2019 Best Town for Families and Best in Somerset County
Victoria “Cookie” Acot used to tell people she lived next to Princeton. But in recent years, she’s begun to boast about where she actually lives. “I can start telling people where Montgomery is and what we have,” says Acot, a mother of two who moved here seven years ago to raise her kids, now 10 and 15. “I really do like living here because of all these amenities and still having that private, rural feel.”
Montgomery is a bucolic Somerset County township that offers a little bit of everything in its 32 square miles. Founded by a mix of Dutch and English settlers, it was incorporated in 1798 and sits nearly halfway between Philadelphia and New York.
No town could win top billing in New Jersey without stellar schools, and Montgomery is certainly no exception. The proverbial trophy case for the district includes past designations as a National Blue Ribbon School for both the high school and one of the town’s two middle schools. And there’s nary a list of top schools statewide that doesn’t include the township.

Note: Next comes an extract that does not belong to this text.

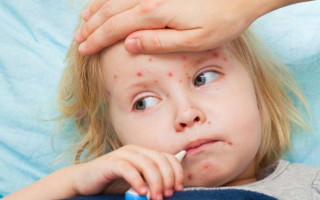 Епідемія кору в Україні: в МОЗ оприлюднили шокуючі цифри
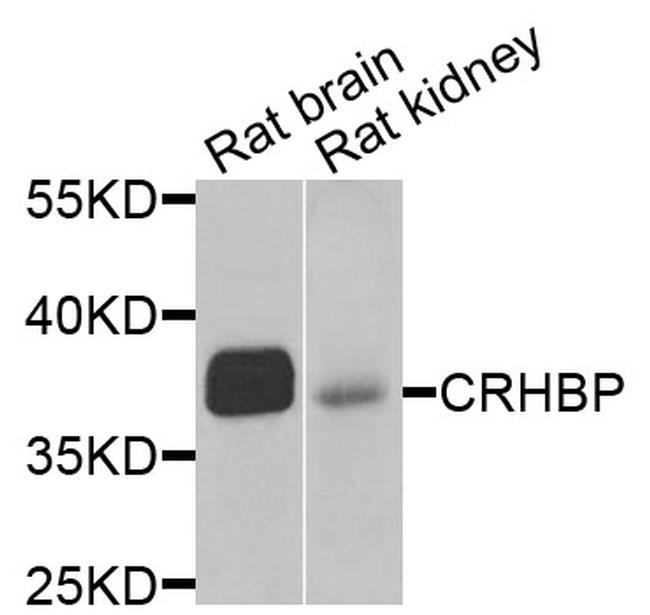 CRHBP Antibody in Western Blot (WB)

But for a town that’s almost completely residential, there’s a growing business community. Restaurants include Aja Asian Cuisine and Lounge, a primo spot for sushi, Sahara Restaurant, whose a Middle Eastern favorite of Mayor Sadaf Jaffer, and Tiger’s Tale, a local institution where beers and pub fare are the way to go.
The commercial footprint here is poised to grow even more in the coming years, thanks to a national developer building a 300,000-square-foot complex dubbed Montgomery Promenade. The proposed development will feature shopping, dining and entertainment at the intersection of Routes 206 and 518. Announced tenants include Whole Foods, L.L. Bean and a movie theater.
So, the pastoral town that hasn’t had a true downtown—though it’s long borrowed Princeton’s just a few miles south—may soon get one of those, too. “It’s going to have a town square type of feel to it,” says Mayor Jaffer. “And that’s precisely what we’re going for.”
Businesses are nice to help keep taxes down, but the beauty of this town is its spectacular outdoor spaces. In fact, nearly one-third of Montgomery is preserved open space or farmland—any resident would be hard-pressed to spend a day not passing land or homes with historic landmark status. Whether it’s the township’s portion of the 4,000-acre Sourland Mountain Preserve or the 256-acre Skillman Park, tons of green spaces and dozens of miles of trails abound.
“I love that we have all these parks,” says Acot, who works for the Robert Wood Johnson Foundation in Princeton. “It’s just a place where the community can congregate.”
And, really, that’s what makes Montgomery special. It’s not just infrastructure like premium pedagogy and pristine parks. It’s the people who live in unincorporated communities, such as Belle Mead, Blawenburg, Dutchtown, Harlingen and Skillman, that fall within the town’s borders. Residents who volunteer at Montgomery’s two fire districts and ambulance squad. Old-timers who make sure the landmarks committee and historical society stay vibrant.
“To me, it’s all about community,” says Jaffer, who’s also a Princeton University research associate raising a 4-year-old. “It’s really about the people who live here who are willing to dedicate so much of their efforts to serve the community where they spend time, where they raise their families. To me, that’s what makes Montgomery great.”